Center for International Education

Recent Developments in the Partnership between Mason and the Ionian University in Greece

Ionian University (Greece) and George Mason University (Virginia, USA) collaboratively offered a two-day virtual webinar bringing together doctoral students at both universities on October 19 and 20, 2023. The webinar was designed and facilitated by scholars in self-study research methodology and inter-cultural communication: Professors Courtney Baker, Laura Bitto, Ioannis Karras, and Anastasia Samaras. Unique to this webinar was the Intercultural Self-Study Research Method: communicating across cultural boundaries as critical friends; e.g., across countries, organizations, and various groups. This partnership generated from The International Academic Partnership Program (IAPP) with the Greek Ministry of Education and Religious Affairs and Fulbright Greece and the facilitators who served as delegates to the IAPP Pharos Summit, a high-level forum to amplify the strength of the U.S.-Greek higher education collaborations and partnerships.

Also, Anastasia P. Samaras, Professor Emeritus in Education of the College of Education and Human Development of George Mason University in Virginia, USA, presented the lecture entitled: "Innovative Pedagogical Inquiries: Using Self-Study Research to Inform Practice". The Teaching and Learning Support Center of the Ionian University offered the presentation: "KEDIMA Ionian University meets George Mason on Innovative Pedagogical Research". This was one of the ongoing initiatives of the Mason-Ionian collaboration seeded with the earlier support of CIE.

Anastasia P. Samaras, Professor of Education, had the honor to be a delegate at the Pharos Summit 2022- an initiative launched by the Greek Ministry of Education and Religious Affairs between Greek and USA universities to explore partnerships and internationalism. While in Greece, Samaras had the pleasure of reconnecting with some of the Fulbright Scholars she taught who had participated in the Greek Teacher Professional Development Project (GTPDP) in 2010. They were eight among the 19 students who came to Mason for a two month professional development experience made possible through a U.S. Department of State, Bureau of Educational and Cultural Affairs grant and the Fulbright Foundation of Greece (Sprague, D., Kitsantas, A., Fox, R. Ndura, E., Samaras, A. P., Shaklee, B., 2010-2011). For the last 12 years, they had kept in touch with Mason faculty and with each over.

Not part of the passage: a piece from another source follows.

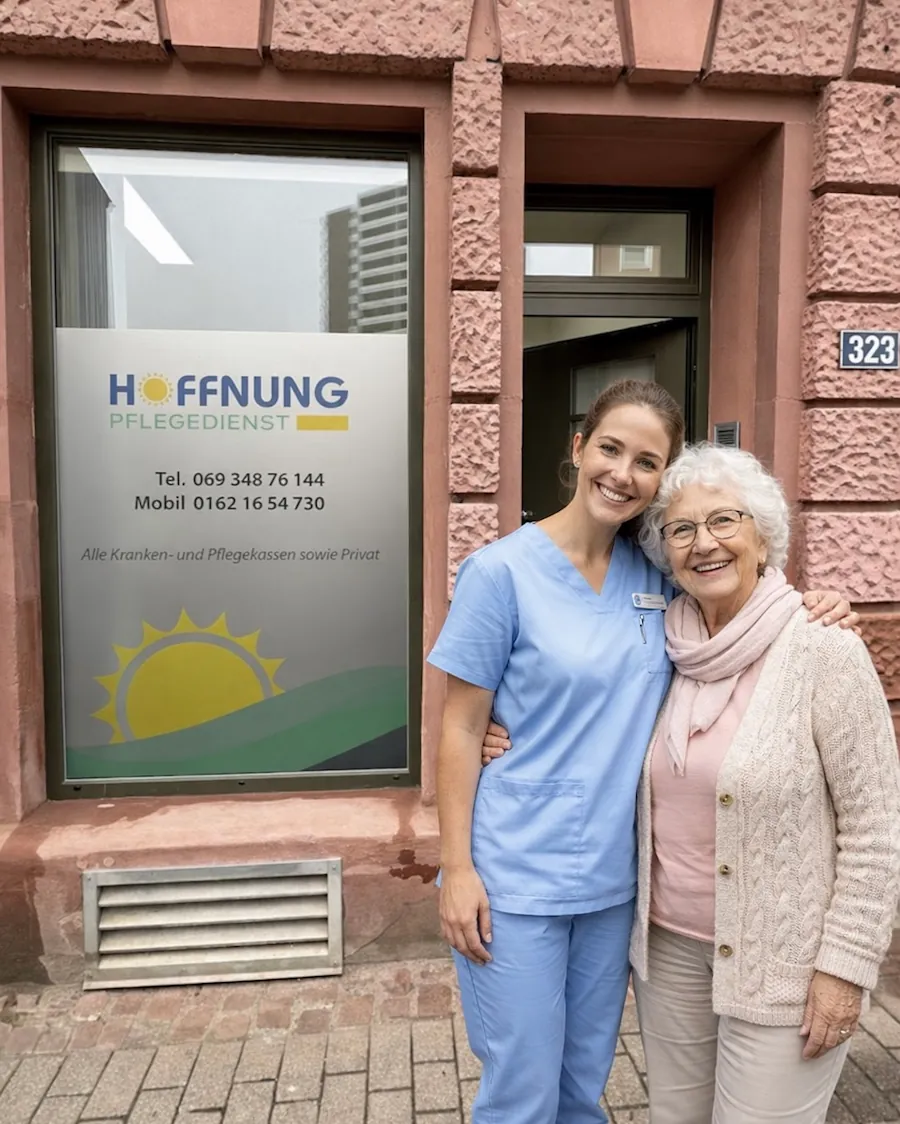 Ambulanter Pflegedienst Frankfurt Bornheim – Pflegekraft und Seniorin vor dem Büro in der Berger Straße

Samaras, noticing the extraordinary and lasting impact of the GTPDP program for these Fulbright Scholars. asked them what they thought influenced them to stay so connected. They explained that although GTPDP was an intense learning, cultural, professional and personal experience, they bonded through their shared learning experiences, by working in critical friend teams on their action research self-study projects, and through their collective out-of-class and memorable experiences on the weekends. Upon their return to Greece what kept this experience alive for everyone was the ability to come together again and share and sustain the fond memories they had created. They have become friends and family; baptizing each other’s children and taking vacations together.

Photo of participants standing outside

Despina Galanaki, Korina Mantzarli, Dimitra Tsiopela, Anastasia Samaras (GTPDP faculty), Sophia Karalazarou, Giannis Moysidis, Panagiotis Andrianopoulos, Maria Roumelioti

Giannis Moysidis, a participant and organizer of the group, sharing his experience indicated: “What the GTPDP offered us, regardless of everything else, was the unique opportunity to connect and bond with people we now call family. And we are very proud to feel that you are one of those people” he said to Samaras…. “Our connection with the people we met at George Mason remains strong and this is proof of the amazing work that was done by all of you in shaping a professional development program of the highest caliber. This program also offered us lifelong friendships with people in Greece and the US and this is something that we will always cherish. What made the program participants sustain their bonds and consider each other as family was also the impact of the program completion and their return to Greece.”

Their bond was further strengthened as they continued to share the challenges they encountered in their schools and teaching and as they remained supportive of each other. Sophia Karalazarou, another GTPDP participant and organizer of the group, explained this: “What a great relief this has been for us to continue to belong to a circle of trusted friends who are there to provide us with their feedback and support. All these different lenses to look upon a situation and eventually collectively work to overcome it. Few teachers are this lucky during their teaching careers, to have longtime peers in work who will help them broaden their understanding for facing complicated issues that may arise in a school setting. Some 12 long years now, with lots of different placements this group has received around Greece and Greek schools abroad they have remained connected. …Sitting around the table with the team and having you among us felt so dear, as it brought back some very dear memories of our time and bonds among us all initiated during the GTPD program.”